Data extracted from a collection:

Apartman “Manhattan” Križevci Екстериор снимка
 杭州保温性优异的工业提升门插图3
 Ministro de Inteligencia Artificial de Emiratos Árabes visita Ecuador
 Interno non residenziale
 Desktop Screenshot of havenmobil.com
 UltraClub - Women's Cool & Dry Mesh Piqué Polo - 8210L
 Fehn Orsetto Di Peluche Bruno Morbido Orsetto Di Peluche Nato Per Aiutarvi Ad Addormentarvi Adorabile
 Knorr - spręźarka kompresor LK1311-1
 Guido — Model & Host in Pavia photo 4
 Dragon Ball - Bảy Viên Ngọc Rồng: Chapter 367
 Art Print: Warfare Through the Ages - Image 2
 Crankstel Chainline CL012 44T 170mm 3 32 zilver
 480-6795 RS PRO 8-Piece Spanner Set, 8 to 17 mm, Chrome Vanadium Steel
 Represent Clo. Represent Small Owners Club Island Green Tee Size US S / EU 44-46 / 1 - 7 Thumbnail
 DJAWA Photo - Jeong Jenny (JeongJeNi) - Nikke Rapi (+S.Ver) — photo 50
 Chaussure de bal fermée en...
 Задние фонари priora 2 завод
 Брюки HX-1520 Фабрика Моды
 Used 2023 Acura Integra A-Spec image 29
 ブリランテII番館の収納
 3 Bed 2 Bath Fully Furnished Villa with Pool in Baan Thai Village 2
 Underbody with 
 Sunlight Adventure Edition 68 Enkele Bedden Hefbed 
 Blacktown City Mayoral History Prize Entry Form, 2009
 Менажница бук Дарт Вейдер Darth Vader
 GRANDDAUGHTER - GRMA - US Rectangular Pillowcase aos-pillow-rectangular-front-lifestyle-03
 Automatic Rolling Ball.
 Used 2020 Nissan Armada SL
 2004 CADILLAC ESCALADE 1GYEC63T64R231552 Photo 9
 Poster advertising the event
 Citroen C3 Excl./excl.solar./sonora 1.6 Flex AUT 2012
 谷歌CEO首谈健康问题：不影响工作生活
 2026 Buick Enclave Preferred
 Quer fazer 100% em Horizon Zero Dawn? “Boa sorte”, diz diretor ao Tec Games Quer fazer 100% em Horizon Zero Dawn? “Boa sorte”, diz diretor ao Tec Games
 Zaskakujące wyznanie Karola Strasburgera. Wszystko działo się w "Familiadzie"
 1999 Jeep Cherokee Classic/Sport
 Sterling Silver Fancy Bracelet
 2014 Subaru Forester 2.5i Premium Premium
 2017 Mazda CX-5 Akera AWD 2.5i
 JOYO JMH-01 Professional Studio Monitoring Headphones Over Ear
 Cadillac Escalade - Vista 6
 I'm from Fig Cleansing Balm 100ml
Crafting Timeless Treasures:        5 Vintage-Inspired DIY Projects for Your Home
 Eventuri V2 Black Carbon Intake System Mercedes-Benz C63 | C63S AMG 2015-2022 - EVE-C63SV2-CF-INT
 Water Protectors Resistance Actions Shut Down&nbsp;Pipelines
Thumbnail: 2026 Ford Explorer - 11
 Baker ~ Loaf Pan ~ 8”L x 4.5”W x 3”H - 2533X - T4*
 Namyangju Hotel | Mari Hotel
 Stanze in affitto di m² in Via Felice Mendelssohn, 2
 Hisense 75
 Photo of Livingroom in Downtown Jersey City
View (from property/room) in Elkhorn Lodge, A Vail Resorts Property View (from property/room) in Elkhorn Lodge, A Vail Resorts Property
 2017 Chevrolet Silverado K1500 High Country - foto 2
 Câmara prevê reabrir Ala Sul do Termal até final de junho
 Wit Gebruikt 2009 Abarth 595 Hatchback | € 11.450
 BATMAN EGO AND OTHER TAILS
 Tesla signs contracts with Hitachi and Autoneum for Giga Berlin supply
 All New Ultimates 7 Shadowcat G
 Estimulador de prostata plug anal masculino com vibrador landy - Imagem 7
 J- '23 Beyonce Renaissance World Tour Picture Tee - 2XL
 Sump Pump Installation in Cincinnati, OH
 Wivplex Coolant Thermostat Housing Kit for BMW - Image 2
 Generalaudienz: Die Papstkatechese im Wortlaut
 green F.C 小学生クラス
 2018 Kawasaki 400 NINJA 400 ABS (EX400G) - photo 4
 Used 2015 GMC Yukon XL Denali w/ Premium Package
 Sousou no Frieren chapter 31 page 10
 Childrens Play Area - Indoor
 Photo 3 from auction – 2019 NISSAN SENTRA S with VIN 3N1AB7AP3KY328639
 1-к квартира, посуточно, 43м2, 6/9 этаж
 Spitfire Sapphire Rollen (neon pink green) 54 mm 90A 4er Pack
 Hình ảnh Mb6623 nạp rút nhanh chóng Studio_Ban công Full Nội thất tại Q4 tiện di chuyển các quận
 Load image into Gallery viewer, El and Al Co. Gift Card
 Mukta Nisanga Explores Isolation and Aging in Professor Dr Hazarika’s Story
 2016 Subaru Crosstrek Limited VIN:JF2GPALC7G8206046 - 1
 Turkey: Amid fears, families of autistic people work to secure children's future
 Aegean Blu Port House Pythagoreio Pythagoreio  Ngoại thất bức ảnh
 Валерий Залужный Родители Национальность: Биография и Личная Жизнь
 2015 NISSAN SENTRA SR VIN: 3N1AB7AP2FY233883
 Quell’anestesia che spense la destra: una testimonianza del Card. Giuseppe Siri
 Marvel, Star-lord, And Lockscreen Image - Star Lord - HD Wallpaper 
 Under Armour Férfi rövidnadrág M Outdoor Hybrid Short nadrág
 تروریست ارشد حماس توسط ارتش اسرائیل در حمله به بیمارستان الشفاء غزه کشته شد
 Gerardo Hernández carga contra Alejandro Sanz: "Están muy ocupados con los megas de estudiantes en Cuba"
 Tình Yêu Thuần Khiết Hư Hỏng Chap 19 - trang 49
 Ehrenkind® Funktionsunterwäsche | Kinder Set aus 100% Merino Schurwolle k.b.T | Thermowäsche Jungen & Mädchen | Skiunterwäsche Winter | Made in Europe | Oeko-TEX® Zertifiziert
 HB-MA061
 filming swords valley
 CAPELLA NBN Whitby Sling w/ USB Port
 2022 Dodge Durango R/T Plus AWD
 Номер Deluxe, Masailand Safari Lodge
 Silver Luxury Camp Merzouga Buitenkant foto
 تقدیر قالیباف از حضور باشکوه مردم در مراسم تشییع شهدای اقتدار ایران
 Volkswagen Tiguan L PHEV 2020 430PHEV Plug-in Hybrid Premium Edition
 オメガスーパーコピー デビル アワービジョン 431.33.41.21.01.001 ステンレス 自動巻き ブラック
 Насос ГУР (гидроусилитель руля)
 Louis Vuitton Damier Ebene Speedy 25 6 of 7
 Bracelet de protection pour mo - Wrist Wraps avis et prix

■ EXERCISE INSTRUCTIONS:
Could you reproduce exactly the lines of the entries above, from the one with "Estimulador de prostata" through the one with "Валерий Залужный Родители", and nothing else?

■ WRITTEN RESPONSE:
 Estimulador de prostata plug anal masculino com vibrador landy - Imagem 7
 J- '23 Beyonce Renaissance World Tour Picture Tee - 2XL
 Sump Pump Installation in Cincinnati, OH
 Wivplex Coolant Thermostat Housing Kit for BMW - Image 2
 Generalaudienz: Die Papstkatechese im Wortlaut
 green F.C 小学生クラス
 2018 Kawasaki 400 NINJA 400 ABS (EX400G) - photo 4
 Used 2015 GMC Yukon XL Denali w/ Premium Package
 Sousou no Frieren chapter 31 page 10
 Childrens Play Area - Indoor
 Photo 3 from auction – 2019 NISSAN SENTRA S with VIN 3N1AB7AP3KY328639
 1-к квартира, посуточно, 43м2, 6/9 этаж
 Spitfire Sapphire Rollen (neon pink green) 54 mm 90A 4er Pack
 Hình ảnh Mb6623 nạp rút nhanh chóng Studio_Ban công Full Nội thất tại Q4 tiện di chuyển các quận
 Load image into Gallery viewer, El and Al Co. Gift Card
 Mukta Nisanga Explores Isolation and Aging in Professor Dr Hazarika’s Story
 2016 Subaru Crosstrek Limited VIN:JF2GPALC7G8206046 - 1
 Turkey: Amid fears, families of autistic people work to secure children's future
 Aegean Blu Port House Pythagoreio Pythagoreio  Ngoại thất bức ảnh
 Валерий Залужный Родители Национальность: Биография и Личная Жизнь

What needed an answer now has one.